GRANBURY, Texas -- The removal of LGBTQ-themed books from the library of the Granbury, Texas, school district is under investigation by the U.S. Department of Education's civil rights division.

"The Office for Civil Rights can confirm that there is an open investigation into Granbury ISD [Independent School District] under Title IX of the Education Amendments of 1972," according to a statement Tuesday from the Education Department. "We do not comment on pending investigations."

Title IX has prohibitions against discriminating on the basis of sex, gender and sexual orientation.

The investigation follows a complaint by the American Civil Liberties Union.

"It's certainly the first investigation I've seen by the agency testing that argument in this way," said W. Scott Lewis, managing partner at TNG, a consulting firm that advises school districts on complying with federal civil rights laws.

Since early 2021, book challenges and bans have reached levels not seen in decades, according to officials at the American Library Association, the National Coalition Against Censorship and other advocates for free expression.

Superintendent Jeremy Glenn did not immediately return messages to The Associated Press for comment Tuesday about the investigation into the north Texas district.

The ACLU complaint was based on a report by the media outlets that Glenn, in January, instructed librarians to remove books dealing with sexual orientation and people who are transgender.

"I acknowledge that there are men that think they're women and there are women that think they're men," Glenn said, according to a leaked recording of the meeting.

"I don't have any issues with what people want to believe, but there's no place for it in our libraries," according to the report.

Chloe Kempf, an ACLU attorney, said the investigation shows that the Education Department is concerned about an increase in anti-LGBTQ policies and book removals nationally.

"In this case it was made very clear, because the superintendent kind of said the quiet part out loud," Kempf said.
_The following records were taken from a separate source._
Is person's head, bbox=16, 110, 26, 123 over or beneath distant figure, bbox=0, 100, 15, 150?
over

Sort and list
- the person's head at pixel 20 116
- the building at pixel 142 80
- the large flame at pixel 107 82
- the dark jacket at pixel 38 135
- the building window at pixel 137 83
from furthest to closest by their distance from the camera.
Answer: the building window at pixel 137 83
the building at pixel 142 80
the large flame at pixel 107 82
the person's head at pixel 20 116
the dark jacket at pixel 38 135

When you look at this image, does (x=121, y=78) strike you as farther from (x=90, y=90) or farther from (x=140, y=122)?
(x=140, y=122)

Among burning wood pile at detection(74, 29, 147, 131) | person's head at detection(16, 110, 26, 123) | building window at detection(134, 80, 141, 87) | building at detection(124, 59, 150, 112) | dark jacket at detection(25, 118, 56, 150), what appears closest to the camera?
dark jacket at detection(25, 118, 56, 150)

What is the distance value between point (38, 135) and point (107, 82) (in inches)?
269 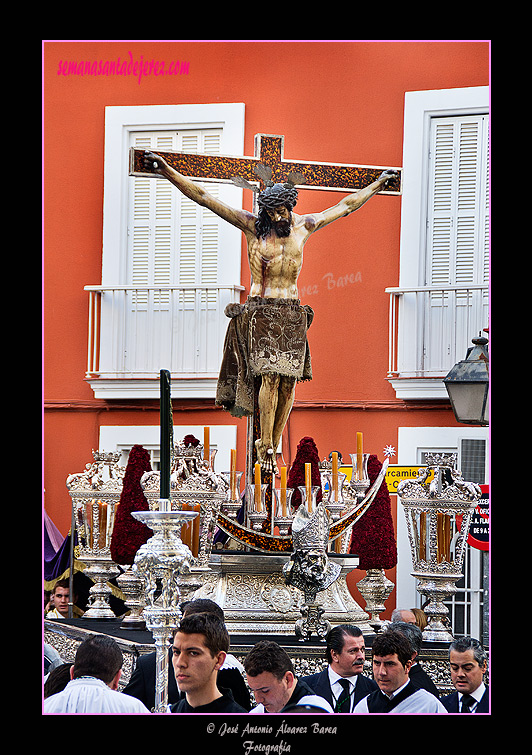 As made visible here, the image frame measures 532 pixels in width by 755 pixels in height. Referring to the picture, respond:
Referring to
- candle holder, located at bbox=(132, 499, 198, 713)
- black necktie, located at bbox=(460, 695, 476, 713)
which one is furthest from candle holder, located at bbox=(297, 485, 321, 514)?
candle holder, located at bbox=(132, 499, 198, 713)

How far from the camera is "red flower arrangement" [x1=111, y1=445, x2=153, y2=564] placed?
19.1 feet

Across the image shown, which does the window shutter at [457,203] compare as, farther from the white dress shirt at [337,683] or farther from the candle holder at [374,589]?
the white dress shirt at [337,683]

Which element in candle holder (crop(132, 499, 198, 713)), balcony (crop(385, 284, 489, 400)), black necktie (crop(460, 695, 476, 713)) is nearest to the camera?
candle holder (crop(132, 499, 198, 713))

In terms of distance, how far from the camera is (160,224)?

In March, the district said in a statement it was aware of Glenn's comments and they were made in an effort to comply with a request from Gov. Greg Abbott that sexually explicit books be removed from public school libraries.

"The district formed a review committee ... made up of educators and community members from diverse backgrounds," excluding Glenn, the statement said. The committee determined that eight books from the district's libraries were sexually explicit.

"Two of the eight books did have LGBTQ+ themes, however all of the books that were removed had sexually explicit and/or pervasively vulgar content," according to the statement.

The district has about 7,500 students on 10 campuses about 60 miles southwest of Dallas.